You finally developed a Cloud strategy, shopped for an IaaS/PaaS that provides the services you need, with the compliance levels you require and at the most competitive prices you can find. Off to the races. You can now focus on the core of your business and worry less about IT, THE Cloud will carry you gently to success through all its benefits: agility, scalability, manageability (that being the responsibility of someone else) and sometimes lower costs. We all heard what a beautiful view one gets from up there.

With all in place, you keep busy signing up customers and keeping the existing ones happy. Then one day you get this email:

Date 12/8/2016 18:50PM

Subject: Host Node Reboot

Our monitoring system indicated an issue with the hardware node hosting the instances listed in this email. Our engineering team has investigated the issue and initiated a restart of the host node in question.

Please note: While this event rebooted the instances listed in this email, we expect no impact on data and/or configurations.

Thank you,

 

Your first thought: “Whew, a problem was averted without customers noticing it!”

Your second thought: “This Cloud stuff really works, my old IT would have taken some time to sort the issue out once they heard about it from a customer.”

Your third thought might highlight a personality trait:

  • Option 1: “Do not want to know anything else about this, we move on. The Ostrich approach to things I don’t want to deal with”
  • Option 2: “So was that really all? Did the event truly go unnoticed? Trust but verify.”

This was a real message receive by one of our customers. Here is what v6Sonar told them about the same event. An “offline” notification was sent before the Cloud provider email, when the incident actually started.

And then the “recovery” notification 10 minutes later.

This is the timeline of the incident:

Maybe there is no impact on the configuration and data for this host (something not always the case) but how about the impact on the services delivered?

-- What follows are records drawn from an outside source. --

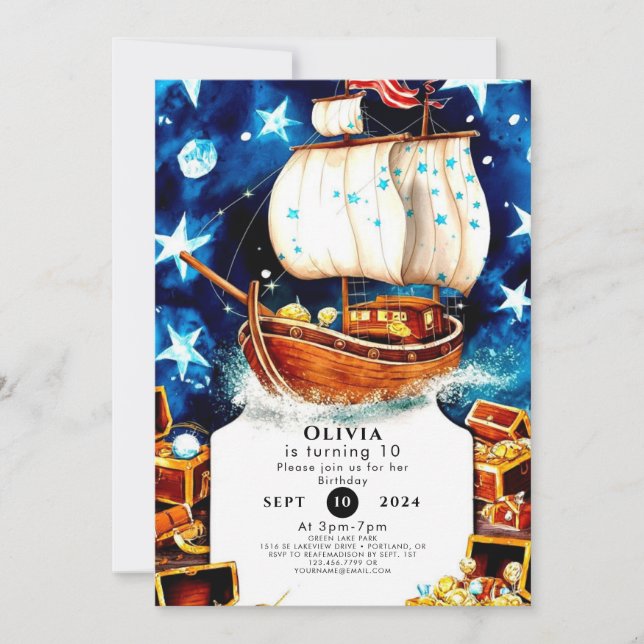 Convite Aniversário do "Treasure Hunt Pirate" das Crianças (Frente)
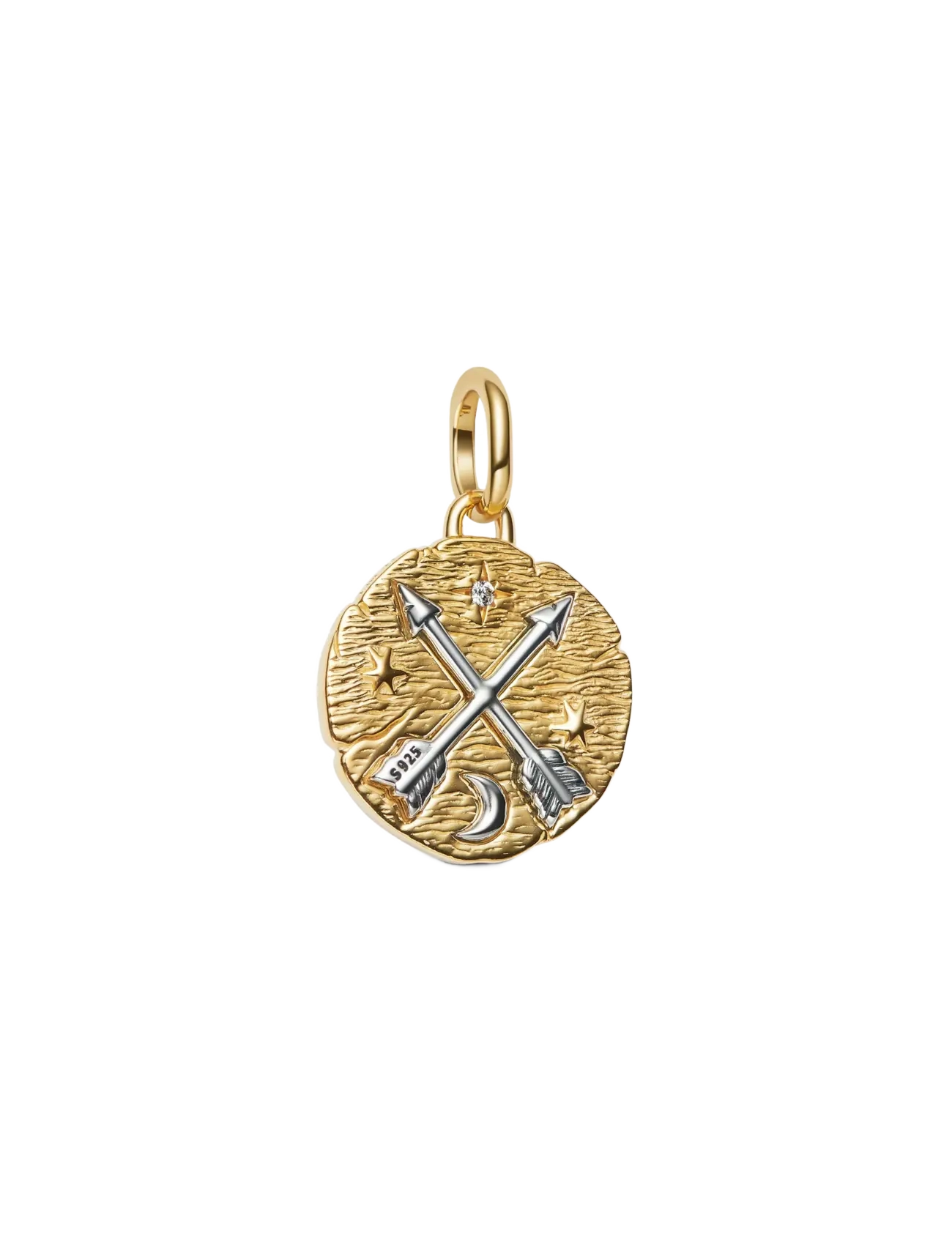 Crossing arrows sterling silver and 14k gold-plated medallion with clear cubic zirconia - CLEAR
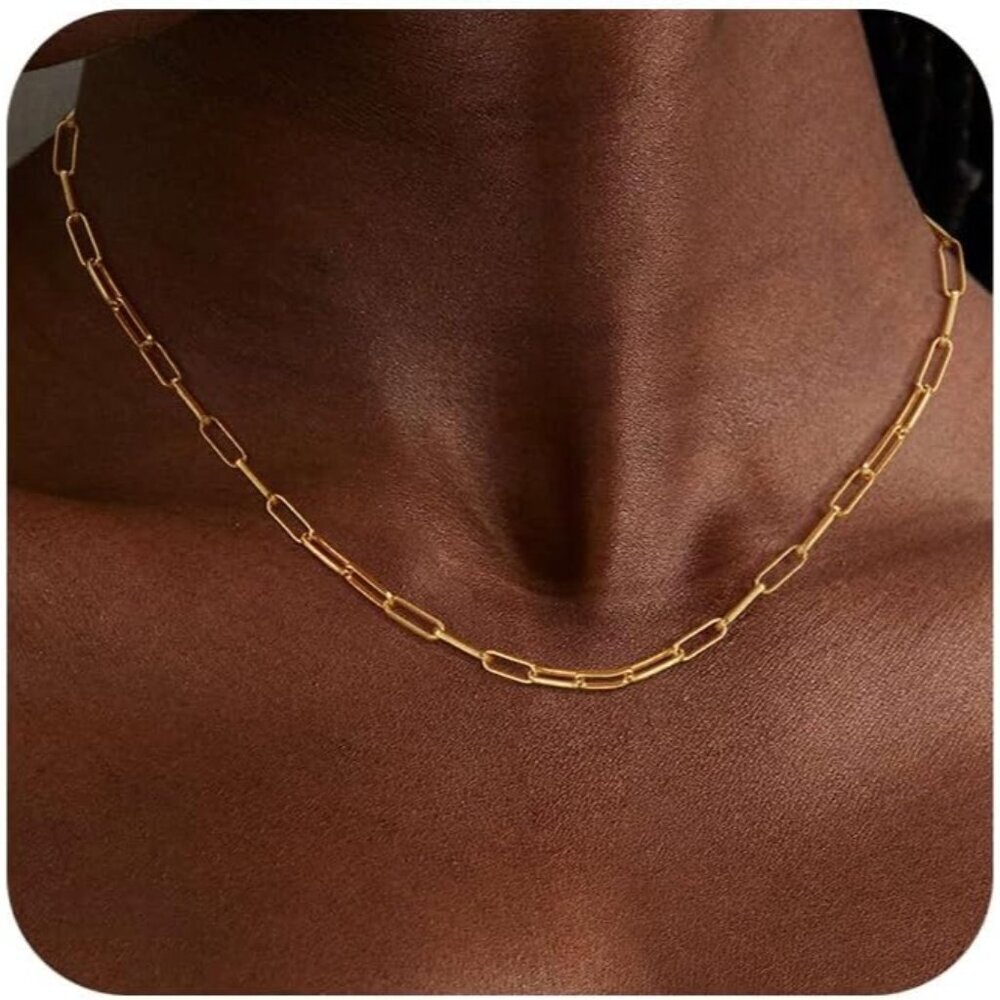 🆕Sweatproof 14K Gold Plated Non Tarnish Chunky Herringbone Paperclip Necklace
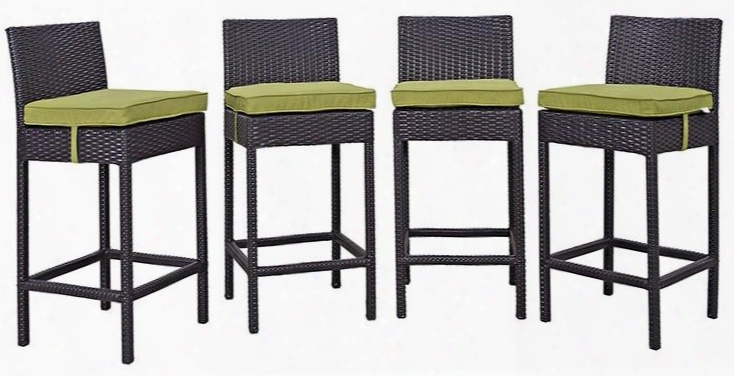 Convene Collection Eei-2218-exp-per-set 4 Pc Outdoor Patio Pub Set With Synthetic Rattan Weave Construction And All-weather Fabric Cushions In Espresso Peridot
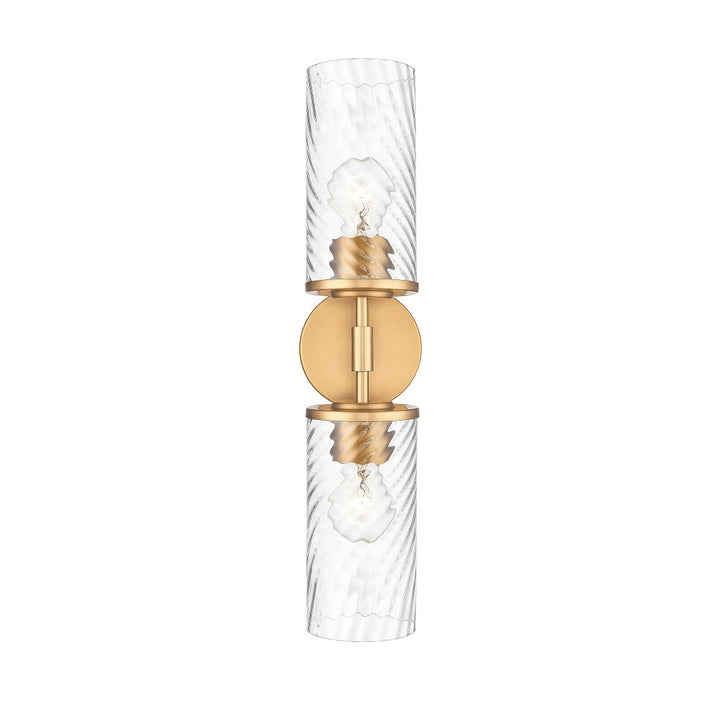 Dragomir 2 Light Wall Sconce with Swirl Clear Glass - Aged Brass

All of a sudden that unexpected yet “feel good” notification seems to raise more concerns than deliver piece of mind. Now other thoughts rush through your head:

Your first thought: How many customers were affected and are now considering alternatives without even telling me they are upset?

Your second thought: How I avoid such incidents from happening in the future and how much will it cost me? Is this the right Cloud provider for me?

Your third thought: Whoever my Cloud provider will be, I need to see for myself, in a simple, inexpensive way, how well is my cloud based service infrastructure doing. Trust but verify.